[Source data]
------------------------------------------------------------------------

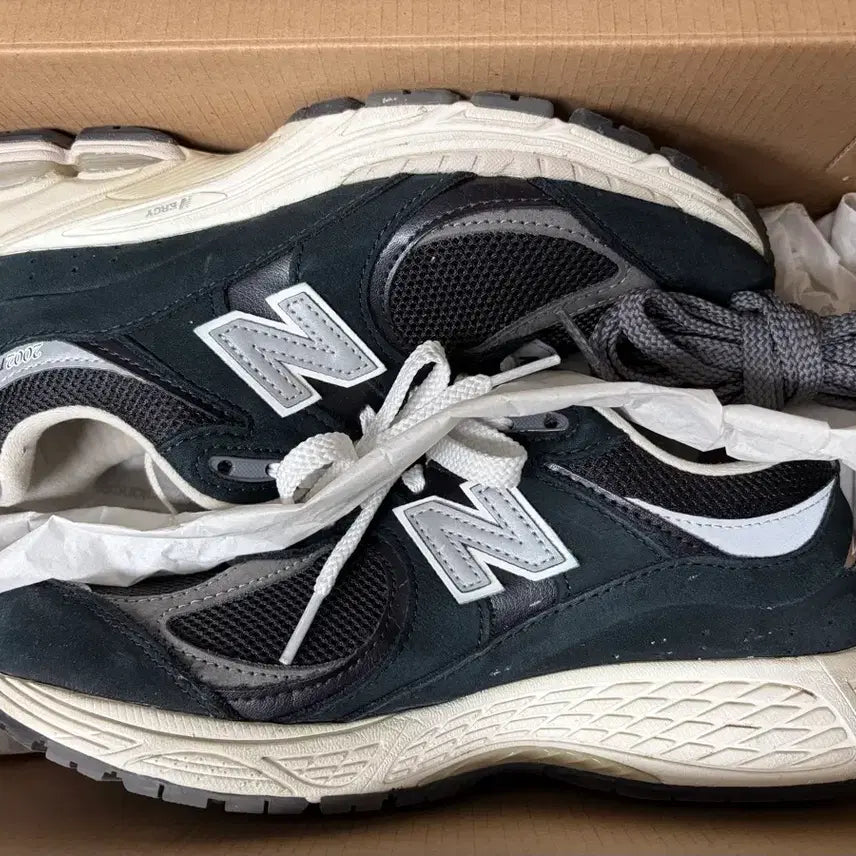 [BUNJANG] New Balance 2002R Premium Vintage Black Sneakers / 뉴발란스 2002R 프리미엄 빈티지 블랙 (255)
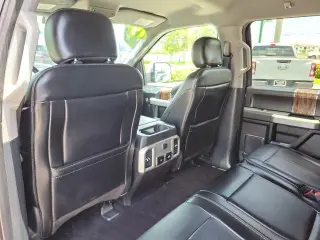 Ford F-150 2019 4x2 Lariat 4 puertas SuperCrew 5.5 pies. SB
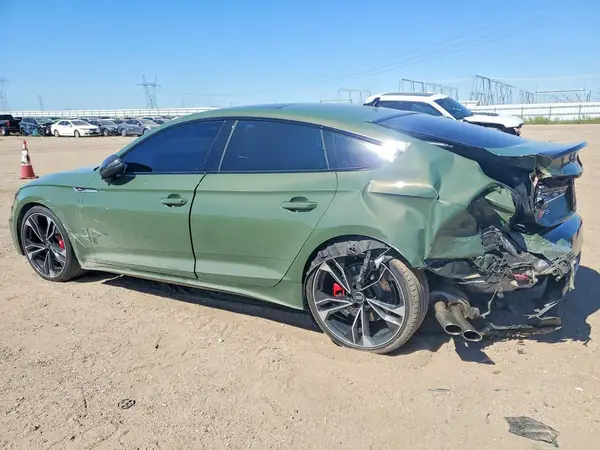WAUC4CF55MA049066 2021 AUDI RS5 - Image 2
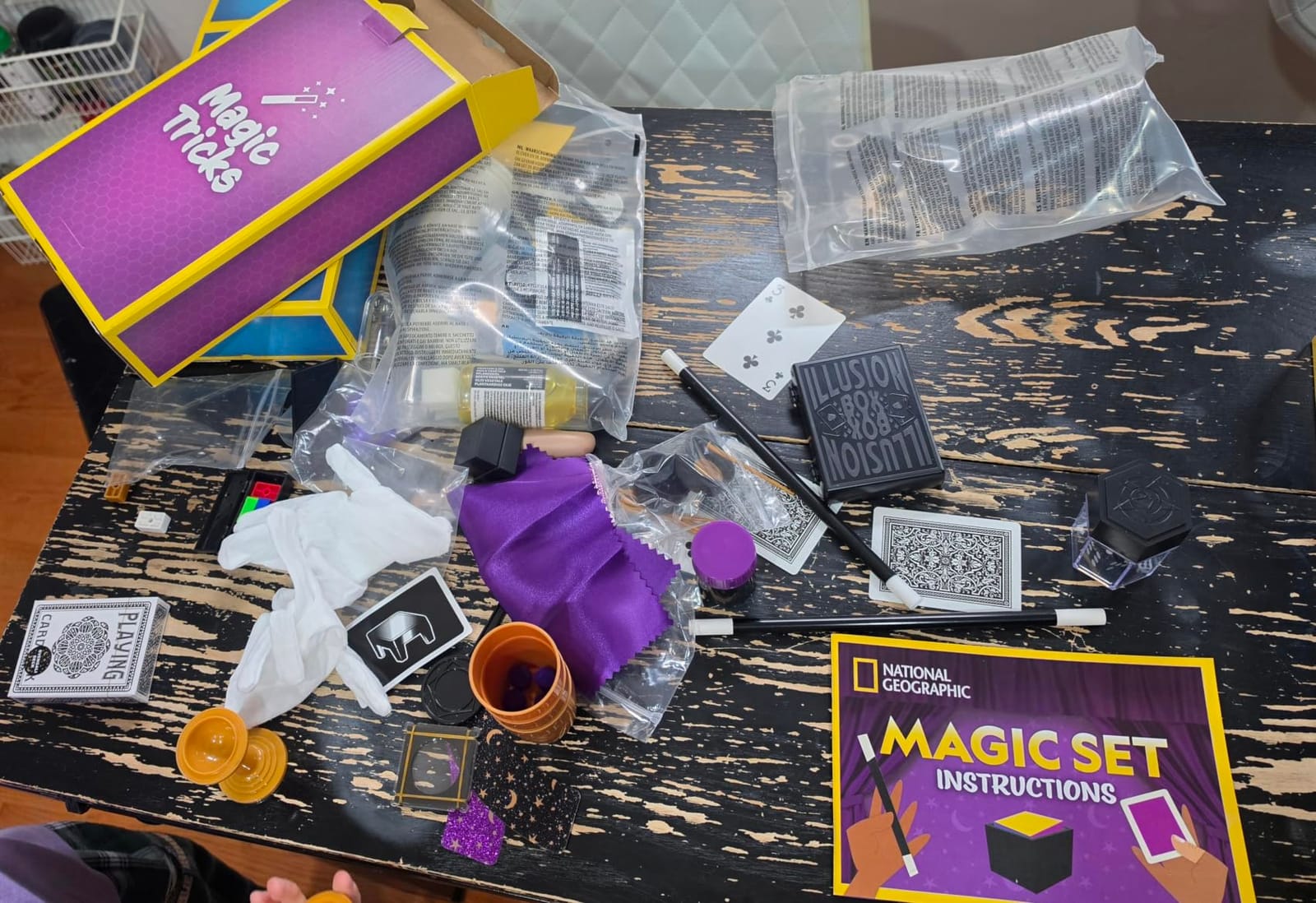 National Geographic Kids Magic Kit with 45 Tricks for Kids Ages 8-12 customer photo 1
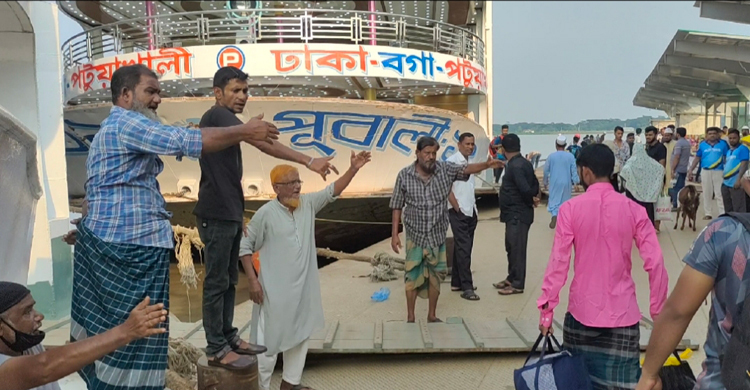 যাত্রী সংকটে ভাড়া বাড়েনি লঞ্চে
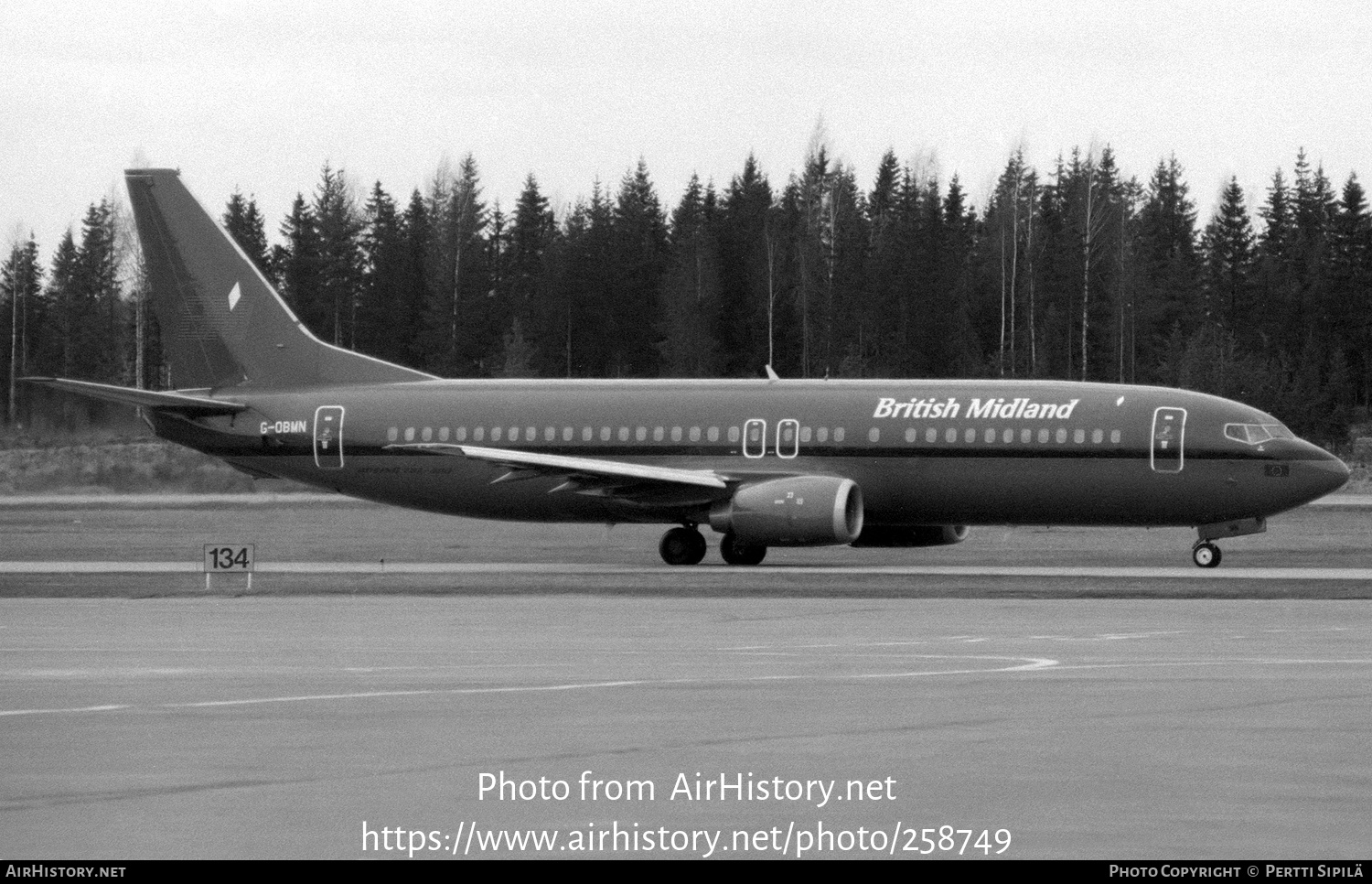 Aircraft Photo of G-OBMN | Boeing 737-46B | British Midland Airways - BMA | AirHistory.net #258749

------------------------------------------------------------------------

#### TRY IT:
Starting where a line contains "Ford F-150 2019" and finishing at the last line above, set down every line exactly as it reads, with no pictures.

#### PROBLEM SOLUTION:
 Ford F-150 2019 4x2 Lariat 4 puertas SuperCrew 5.5 pies. SB
WAUC4CF55MA049066 2021 AUDI RS5 - Image 2
 National Geographic Kids Magic Kit with 45 Tricks for Kids Ages 8-12 customer photo 1
 যাত্রী সংকটে ভাড়া বাড়েনি লঞ্চে
 Aircraft Photo of G-OBMN | Boeing 737-46B | British Midland Airways - BMA | AirHistory.net #258749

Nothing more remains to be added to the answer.